Safety and Immunogenicity of a Chlamydia Vaccine CTH522

Official Title

A Phase I, Double-blind, Parallel, Randomised and Placebo-controlled Trial Investigating the Safety and Immunogenicity of a Chlamydia Vaccine, CTH522, in Healthy Adults

Brief Summary

      The present trial is a phase I, double-blind, parallel, randomised, and placebo-controlled
      trial of a chlamydia vaccine CTH522. Sixty-six subjects will be randomly assigned into six
      cohorts and are to receive four vaccination, in total of 12 trial visits. Cohorts A-D
      investigates CTH522-CAF01 administered IM in two doses (85 µg and 15 µg). Cohort E
      investigate CTH522-CAF09b also administered IM in one dose (85 µg). Cohort E is the placebo
      group. All subjects will receive a TO administration as a boost at Day 140 (4th vaccination).
      The TO boost will be non-adjuvanted CTH522 (12µg in each eye) or placebo. Nine subjects in
      each of cohorts A-E will receive the active boost (i.e. CTH522), three subjects will receive
      the placebo.
    

Detailed Description

      This trial is a phase I, double-blind, parallel, randomised, and placebo-controlled trial of
      the chlamydia vaccine CTH522 in healthy adults.

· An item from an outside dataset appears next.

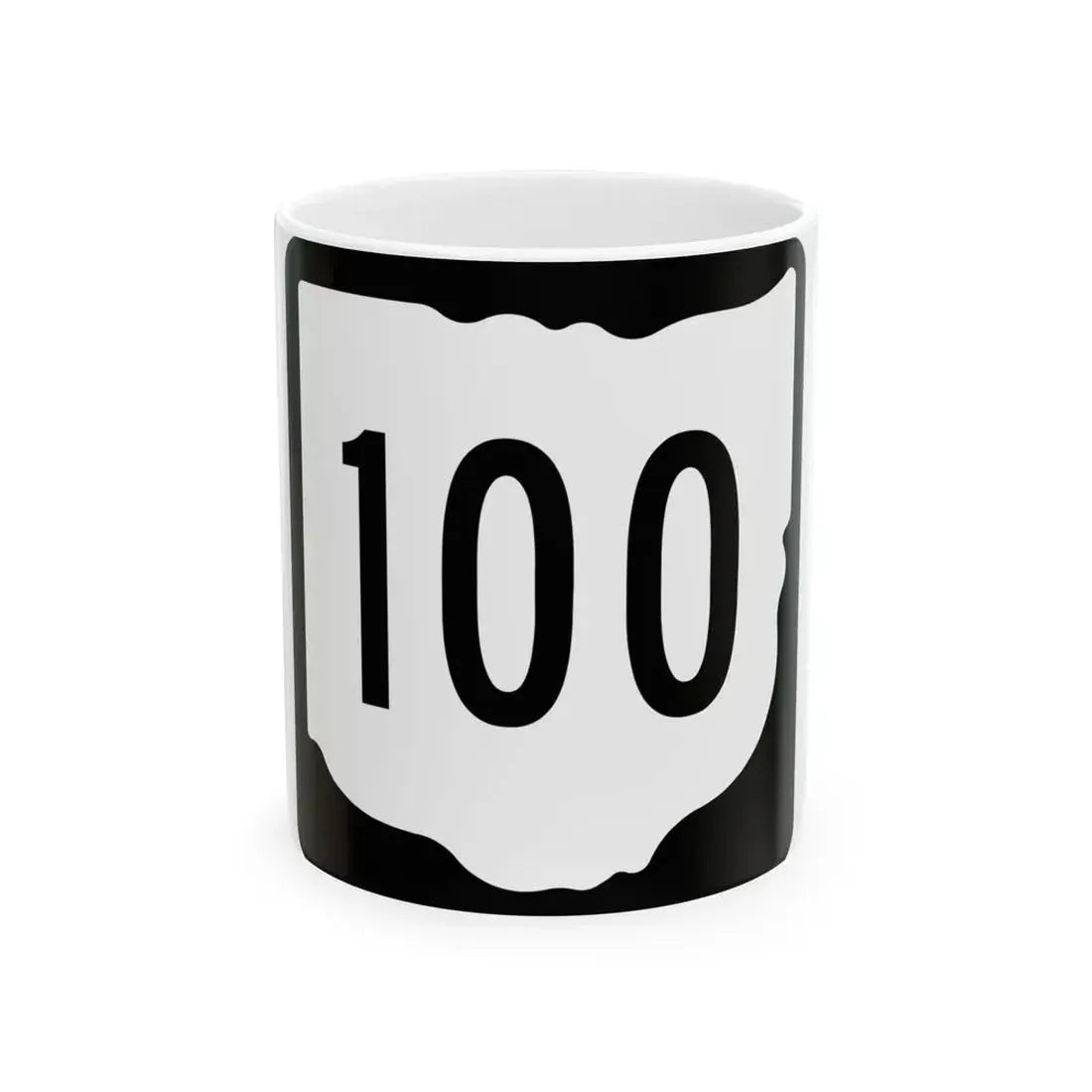 OH-100 1967 (Ohio) (Road Sign) White Coffee Mug 11oz - Go Mug Yourself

      It is planned to randomly assign 66 subjects into six cohorts. Cohorts A-D investigate
      CTH522-CAF01 administered IM in two doses (85 μg and 15 μg). Cohort E investigates
      CTH522-CAF09b administered IM in one dose (85 μg). Cohort F is the placebo group. The
      enrolled subjects will complete 12 trial visits. All subjects in the active groups (cohort
      A-E) will receive three IM injections of the adjuvanted CTH522 and some (cohort B and C) will
      receive the non-adjuvanted CTH522 via the TO or ID route (given at the same time as the 2nd
      and 3rd IM vaccinations). All active groups will receive TO administration as a boost at Day
      140 of either the non-adjuvanted CTH522 (12 μg in each eye) or placebo.

        -  Cohort A will receive three IM vaccination of 85μg CTH522-CAF01. This cohort is divided
           into two groups: A1 will receive ID placebo at Day 28 + Day 112, and TO placebo at Day
           140, while A2 will receive TO placebo at Day 28 + Day 112, and non-adjuvanted TO CTH522
           boost at Day 140.

        -  Cohort B will receive three IM vaccinations of 85 μg CTH522-CAF01. This cohort is
           divided into two groups: B1 will receive TO vaccination of the non-adjuvanted CTH522 at
           Day 28 and 112 and TO placebo at Day 140, while B2 will receive the same for Day 28 and
           112, but non-adjuvanted TO CTH522 boost at Day 140. The two additional TO doses of
           CTH522 (12 μg in each eye) are administered in each eye. The rationale for this schedule
           is to investigate the impact of simultaneous TO administration of the antigen on the
           immunogenicity results.

        -  Cohort C will receive three IM vaccinations of 85 μg CTH522-CAF01. This cohort is
           divided into two groups: C1 will receive ID vaccination of the non-adjuvanted 24 μg
           CTH522 at Day 28 and 112 and TO placebo at Day 140, while C2 will receive the same for
           Day 28 and 112, but TO 12 μg CTH522 boost in each eye at Day 140. The rationale for this
           schedule is to investigate the impact of simultaneous ID administration of the antigen
           on the immunogenicity results.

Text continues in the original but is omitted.